Over the decades those old-school cool trucks have all but disappeared, replaced with a lot less billowing smoke, but still the regular gaggle of big-bonneted truck brands. Where the smoke may have declined, the cosmetic appearance of the new-age grain trains has exploded. Seems almost every grain truck out there these days is sporting more and more chrome, miles and miles of stainless and, between the trucks and the A-doubles, they are responsible for ensuring truck wash manufacturers are permanently in the black. Big bonnets, long wheelbases and plenty of shine, that’s how a grain truck rolls. Until now.
In the Queensland city of Toowoomba, west of Brisbane and in the heart of the Darling Downs is a company that, as you can see, has flipped the script on the grain truck image. This stunning big black Mercedes-Benz Actros 2663 isn’t a one-off, it’s the 10th Benz QS Commodities has put on the road.
QS Commodities are rewriting the whole idea of what works as a grain truck, and with massive fuel savings, top-of-the-line driver comfort, and the backing and support of Daimler Trucks, they are doing a fantastic job of it. Times are definitely changing.
How did we get here then? I’m not talking about here as in reading this article. That’s fairly obvious, you loved the photos, and my witty attempts to amuse you previously have you coming back for more. No, I’m asking how we got to this story. How did QS Commodities end up with a spectacular fleet of German giants gracing the Queensland roads?

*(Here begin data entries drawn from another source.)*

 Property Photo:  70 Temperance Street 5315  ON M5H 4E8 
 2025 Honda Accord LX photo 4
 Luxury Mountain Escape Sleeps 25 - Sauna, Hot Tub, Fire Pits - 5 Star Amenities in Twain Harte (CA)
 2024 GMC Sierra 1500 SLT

For the history I sat down with Dave Sefton, QS Commodities’ operations manager to learn the full story. Before you start assuming Dave is a suit-and-tie kind of operations manager let me correct you – he’s not. In fact, Dave hasn’t been off the road long enough to buy himself a suit and tie yet. He’s a lifelong truckie who happened to take a driving job where his boss, whom we’ll get to soon, realised Dave’s the sort of bloke that would make a great operations manager. He knows trucks, he knows trucking and he understands drivers.
Road train dreamer
Dave is a fellow Kiwi who travelled across the ditch in 2006 to chase the dream of driving road trains. “I’m a third-generation truckie, I’d never been on a plane in my life and in 2006 booked a one-way ticket over here so I could drive road trains,” he explains.
Dave achieved his dream. He’s towed all manner of road trains, done express freight, grain carting and fridge work. In fact, there isn’t a lot Dave hasn’t had experience in during his three decades of driving. He’s seen it all, done it twice and is still smiling.

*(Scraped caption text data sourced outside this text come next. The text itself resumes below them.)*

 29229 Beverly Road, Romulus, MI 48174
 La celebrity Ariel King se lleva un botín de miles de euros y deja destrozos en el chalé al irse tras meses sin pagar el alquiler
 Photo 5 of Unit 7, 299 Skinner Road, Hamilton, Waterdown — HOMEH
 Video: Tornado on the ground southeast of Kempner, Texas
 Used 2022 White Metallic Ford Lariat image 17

However, it was his proclivity for road trains and grain cartage that led him to take on a driving role with QS Commodities last year. However, as I mentioned, his boss Nick Slipper was a smart enough man to recognise and acknowledge that he himself may know a bit about trucks, but someone like Dave knows more about trucking and would be more useful to the company outside the comfy Mercedes-Benz seat and running the transport side of QS Commodities.
Now that we’ve introduced our protagonist for the story, let’s focus on the big QS Commodities on the side of the truck you’ve been admiring. The reason it doesn’t say ‘QS Transport’ is simple. QS Commodities isn’t actually a transport company.
I can see how many of you would be under the impression it is a transport company. It has all the correct attributes, a fleet of stunning state-of-the-art trucks all paired with immaculate PBS-approved A-double tippers, all of which are dressed in black and sporting a proud QS Commodities logo.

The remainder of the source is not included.